Eu costumava cumprimentar calorosamente uma comerciante de uma loja que frequentava. Até que, nos últimos tempos, fui notando um distanciamento da parte dela, embora continuássemos a nos falar. Pouco antes de ela deixar o emprego - a fim de se dedicar à carreira na área de Psicologia -, comentei: "Sabia, Fulana, que mesmo alguém nos abraçando aparentemente com alegria, dá para perceber que não é nada disso?". Ela levou um susto com a minha colocação.

Continuei: "Você estuda Psicologia e deve entender isso muito bem. Nem sempre o que expressamos condiz com o que realmente sentimos. E a gente acha que disfarça bem, mas muitas pessoas conseguem captar o nosso verdadeiro sentimento. É o que chamo de 'comunicação genuína': eu digo uma coisa, meu corpo fala outra diferente e há quem decifre isso. Enfim, não dá pra fingir afeto a qualquer um...".

Reparei que, por um milionésimo de segundo, a vendedora ficou sem graça, como se eu a tivesse "desmascarado". Então, religiosa que era, instintivamente me puxou para o seu lado e me deu um novo abraço demorado. (Entretanto, tão frio quanto o que havia me dado antes. Coitada.)

Essa minha aptidão - que obviamente não é só minha: muita gente deve detê-la igualmente - chega a me transtornar.

Incomoda, porque não consigo evitar distinguir atrás do que as pessoas falam ou fazem. Estou sempre alerta e, mesmo quando não quero ver, acabo vendo. E me magoo e quero parar de conversar com algumas delas e até de frequentar os lugares a que vão. Em suma, eis o que enxergo: como somos falsos. Como há falsidade neste mundo, nos eventos sociais, em reuniões familiares... (Por isso, entendo e me identifico com o apelo de Billy Joel na canção Honesty, em português: "Honestidade".)

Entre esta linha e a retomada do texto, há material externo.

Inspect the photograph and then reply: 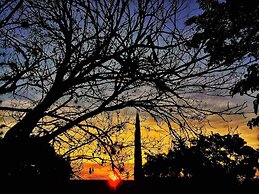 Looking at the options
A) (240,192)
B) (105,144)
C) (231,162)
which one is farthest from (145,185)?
(105,144)

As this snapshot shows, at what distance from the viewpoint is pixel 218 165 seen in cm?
3291

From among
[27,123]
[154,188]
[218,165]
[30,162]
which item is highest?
[218,165]

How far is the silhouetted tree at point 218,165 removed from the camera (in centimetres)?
3134

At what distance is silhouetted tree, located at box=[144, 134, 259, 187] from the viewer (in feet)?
103

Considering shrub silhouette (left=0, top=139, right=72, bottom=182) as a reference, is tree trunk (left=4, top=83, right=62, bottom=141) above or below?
above

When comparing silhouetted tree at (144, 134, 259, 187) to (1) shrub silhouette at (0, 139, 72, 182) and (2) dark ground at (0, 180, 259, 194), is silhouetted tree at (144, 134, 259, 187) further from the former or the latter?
(1) shrub silhouette at (0, 139, 72, 182)

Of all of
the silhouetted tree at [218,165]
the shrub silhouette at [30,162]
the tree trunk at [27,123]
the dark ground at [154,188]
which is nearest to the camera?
the shrub silhouette at [30,162]

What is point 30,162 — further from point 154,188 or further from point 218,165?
point 218,165

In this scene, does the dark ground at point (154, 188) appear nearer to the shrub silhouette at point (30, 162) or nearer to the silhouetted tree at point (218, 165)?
the silhouetted tree at point (218, 165)

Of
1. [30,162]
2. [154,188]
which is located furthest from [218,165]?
[30,162]

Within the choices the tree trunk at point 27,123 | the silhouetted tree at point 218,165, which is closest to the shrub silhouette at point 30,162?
the tree trunk at point 27,123

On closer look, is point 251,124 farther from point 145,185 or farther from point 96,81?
point 145,185

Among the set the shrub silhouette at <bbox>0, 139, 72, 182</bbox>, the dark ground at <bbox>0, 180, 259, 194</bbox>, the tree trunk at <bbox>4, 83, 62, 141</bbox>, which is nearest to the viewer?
the shrub silhouette at <bbox>0, 139, 72, 182</bbox>

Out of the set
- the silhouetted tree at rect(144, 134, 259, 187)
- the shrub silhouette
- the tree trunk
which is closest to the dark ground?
the silhouetted tree at rect(144, 134, 259, 187) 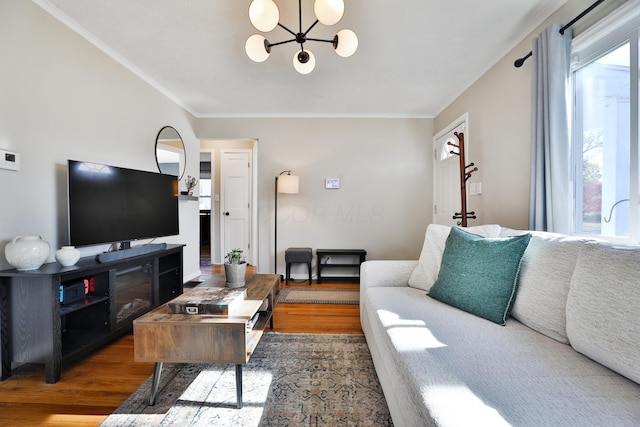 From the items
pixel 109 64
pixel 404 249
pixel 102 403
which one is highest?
pixel 109 64

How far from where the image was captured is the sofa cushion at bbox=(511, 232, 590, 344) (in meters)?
1.14

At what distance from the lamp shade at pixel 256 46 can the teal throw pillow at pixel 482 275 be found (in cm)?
180

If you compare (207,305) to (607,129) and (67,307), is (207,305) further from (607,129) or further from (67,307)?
(607,129)

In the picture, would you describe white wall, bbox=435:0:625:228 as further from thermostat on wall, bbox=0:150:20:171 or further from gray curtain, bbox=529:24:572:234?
thermostat on wall, bbox=0:150:20:171

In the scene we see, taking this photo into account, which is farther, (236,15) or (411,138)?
(411,138)

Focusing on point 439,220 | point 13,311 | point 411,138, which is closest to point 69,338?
point 13,311

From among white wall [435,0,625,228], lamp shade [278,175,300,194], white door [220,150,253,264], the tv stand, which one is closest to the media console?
the tv stand

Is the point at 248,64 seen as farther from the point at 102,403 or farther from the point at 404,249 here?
the point at 404,249

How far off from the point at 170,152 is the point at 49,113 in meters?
1.43

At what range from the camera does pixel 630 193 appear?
1.40m

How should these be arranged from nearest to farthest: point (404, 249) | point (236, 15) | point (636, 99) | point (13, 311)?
point (636, 99)
point (13, 311)
point (236, 15)
point (404, 249)

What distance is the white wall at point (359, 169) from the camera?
3.98 metres

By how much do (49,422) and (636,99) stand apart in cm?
335

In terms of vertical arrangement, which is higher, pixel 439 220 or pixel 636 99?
pixel 636 99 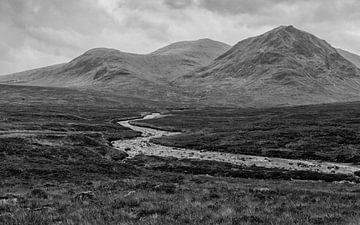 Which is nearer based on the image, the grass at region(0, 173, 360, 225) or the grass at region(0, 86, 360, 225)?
the grass at region(0, 173, 360, 225)

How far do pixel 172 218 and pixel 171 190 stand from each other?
868 centimetres

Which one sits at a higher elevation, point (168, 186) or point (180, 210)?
point (180, 210)

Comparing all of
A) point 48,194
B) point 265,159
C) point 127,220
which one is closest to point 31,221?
point 127,220

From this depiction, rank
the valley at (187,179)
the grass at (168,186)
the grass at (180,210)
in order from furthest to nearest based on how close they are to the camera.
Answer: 1. the valley at (187,179)
2. the grass at (168,186)
3. the grass at (180,210)

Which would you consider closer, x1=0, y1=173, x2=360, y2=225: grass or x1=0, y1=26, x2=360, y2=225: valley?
x1=0, y1=173, x2=360, y2=225: grass

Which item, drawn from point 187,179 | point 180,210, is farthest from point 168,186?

The Conversation (Sem Data), Augustin Théodule Ribot

Cheguei a colocar esta dúvida diante do pároco, na confissão: "O que fazer quando sabemos que vamos nos encontrar com quem não gosta da gente? Fugir? Esconder? Buscar refúgio?". Porque sempre opto pelo isolamento - que reconheço não ser uma solução saudável. Talvez, eu deveria ter perguntado: "Como deixar de ver o que vejo? Como ignorar a dissimulação alheia? Como conversar com alguém que simula afeto por mim; alguém que, na verdade, não quer o meu bem?".

Só que, quando a gente se coloca no centro de tudo, tudo perde o sentido. Porque eu, Ana Paula, sou (literalmente) pequena demais e nada gira em torno de mim. Me colocar no centro só me causa frustração: não resolve a charada.

Ontem e hoje, pensando nisto tudo: na nossa falsidade, nas linguagens verbal e não-verbal; tentei trabalhar a questão de uma outra perspectiva: e se o problema não é o que o outro me fala através da sua energia, da sua postura e do seu olhar? E se o problema for eu? Sem dúvida, possuo a destreza de distinguir atrás das palavras e das atitudes do meu próximo, porém e se apenas atrás fosse muito pouco? O que quero dizer é: e se eu me propusesse a observar mais atrás?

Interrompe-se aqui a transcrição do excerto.